→ ACTIVITY:
Nothing but the lines from the first line of the records below to the line holding "چرخ گوشت التروکار" belongs in the answer, copied exactly and without pictures.
*** Opening of DATA UNDER STUDY ***
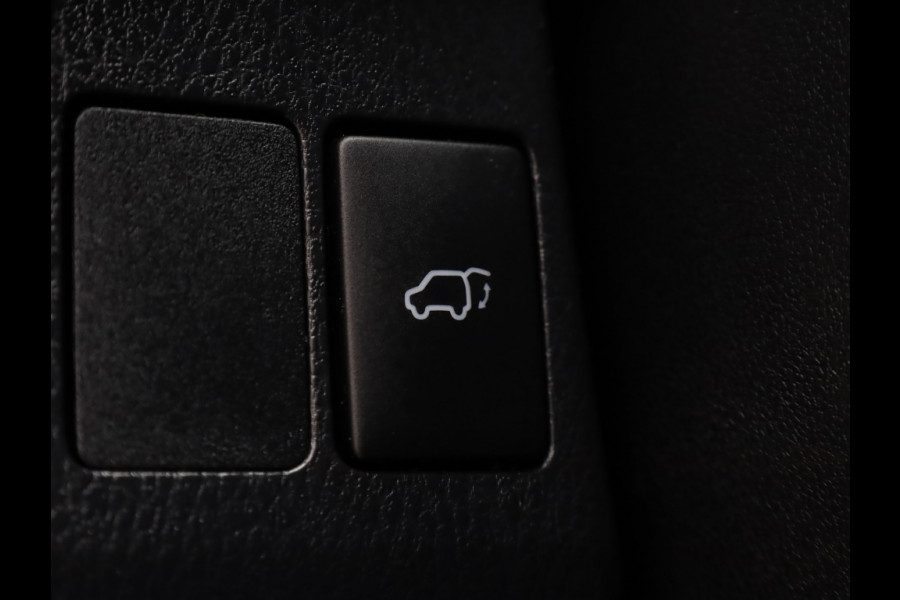 Toyota RAV4 2.5 Hybrid AWD Black Editon | El. Achterklep | LED | Trekhaak Toyota RAV4 2.5 Hybrid AWD Black Editon | El. Achterklep | LED | Trekhaak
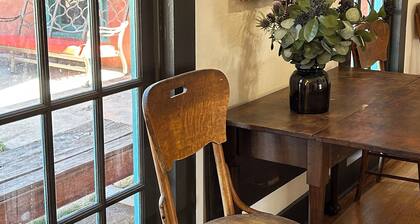 Charming 1800's fully modernized farmhouse in downtown Silver City- pet friendly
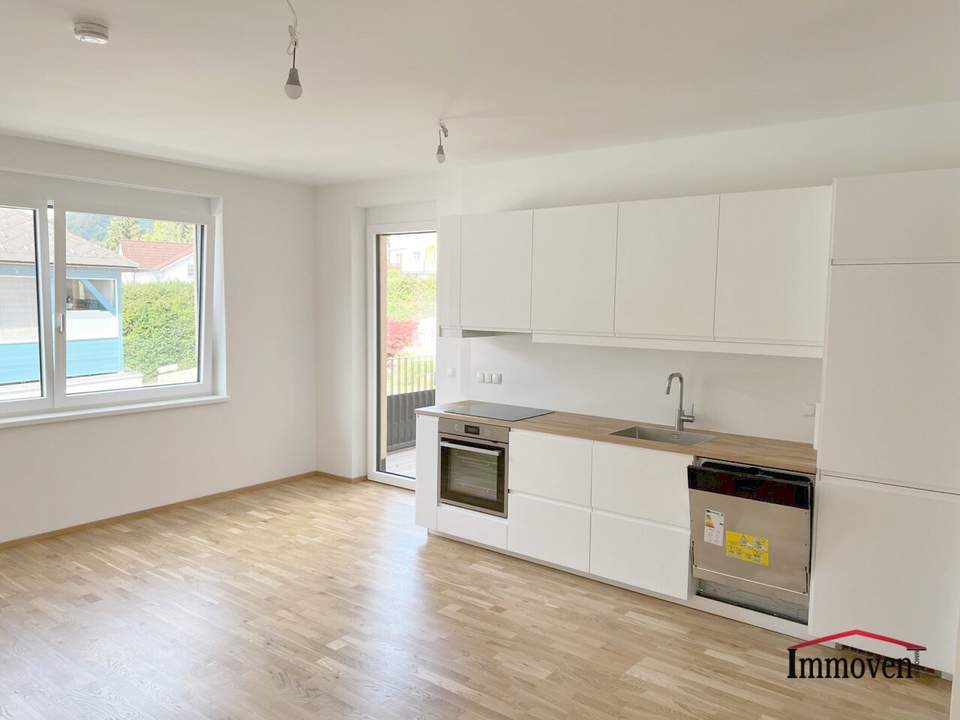 UNBEFRISTET - Sonnige 3-Zimmerwohnung mit großer Terrasse und überdachten Stellplatz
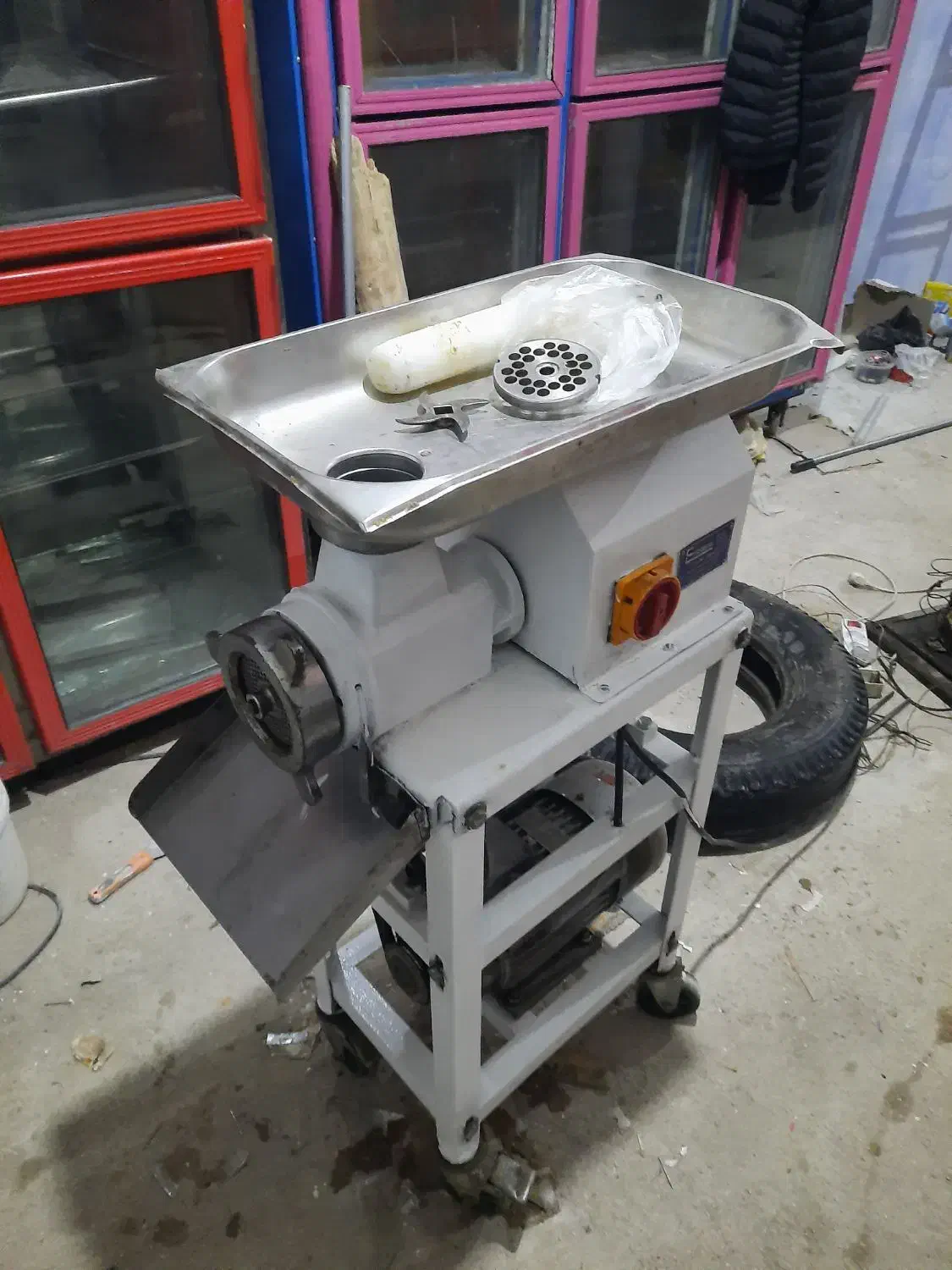 چرخ گوشت التروکار ۳۲|کافیشاپ و رستوران|بجنورد, |دیوار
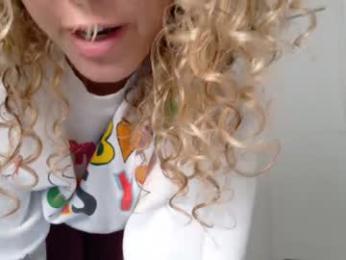 theislandgirl — Chaturbate recorded stream screenshot (12 Dec 2025)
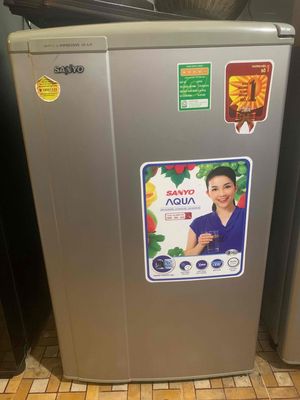 Tủ lạnh Aqua đang sử dụng rất tốt zin nguyên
*** Close of DATA UNDER STUDY ***
→ RESPONSE BELOW:
 Toyota RAV4 2.5 Hybrid AWD Black Editon | El. Achterklep | LED | Trekhaak Toyota RAV4 2.5 Hybrid AWD Black Editon | El. Achterklep | LED | Trekhaak
 Charming 1800's fully modernized farmhouse in downtown Silver City- pet friendly
 UNBEFRISTET - Sonnige 3-Zimmerwohnung mit großer Terrasse und überdachten Stellplatz
 چرخ گوشت التروکار ۳۲|کافیشاپ و رستوران|بجنورد, |دیوار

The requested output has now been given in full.